While it offers flexibility and potential benefits, its use requires careful planning, awareness of state-specific rules, and attention to fiduciary responsibilities.
Done correctly, decanting can modernize a trust and enhance protections for beneficiaries, but it should always be approached with professional guidance to navigate legal and tax complexities effectively.
FAQs
What is the 2 Year Rule for Trusts?
The 2-year rule allows certain appointments or modifications made within two years of a grantor’s death to be treated as if they were part of the deceased’s will.
This ensures that such changes are included in the estate for tax purposes, potentially reducing inheritance tax (IHT) liabilities.

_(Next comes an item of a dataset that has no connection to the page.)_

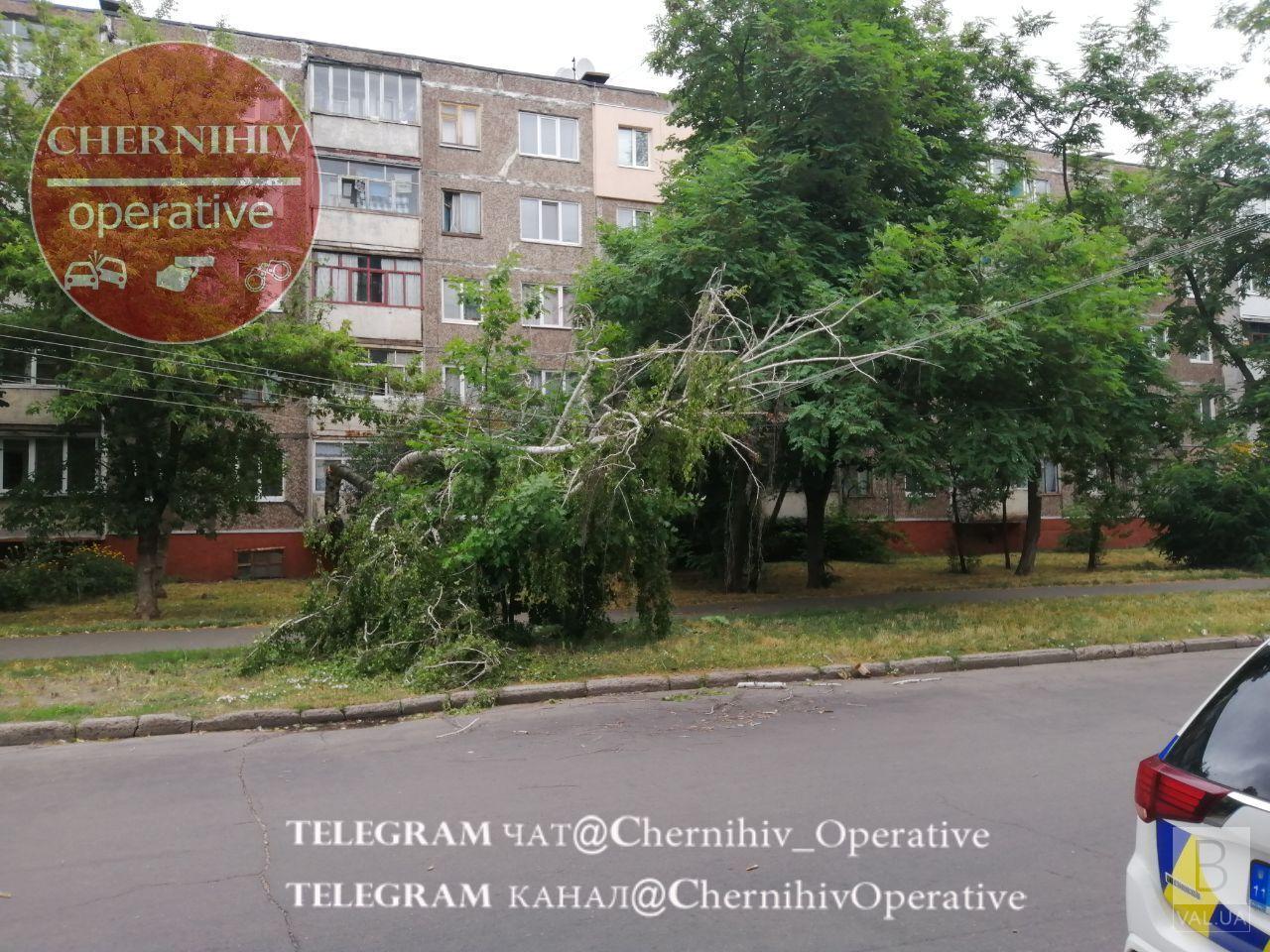 Буревій пройшовся містом. ФОТОфакт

Some states also limit trustee decanting powers during the first two years of a trust’s existence to prevent premature or imprudent modifications.
What Type of Trust Is Best for a Family?
A revocable living trust is generally the best option for most families.
It allows the grantor to manage and adjust assets during their lifetime while avoiding probate after death.
However, for families seeking greater asset protection or tax advantages, an irrevocable trust may be more suitable, as it removes assets from the taxable estate and safeguards them for long-term beneficiary support.
What is the Best Way to Leave Property Upon Death?
Using a combination of wills and trusts is often ideal. A living trust can avoid probate, control distributions, and provide continuity, while a will addresses residual assets and personal bequests.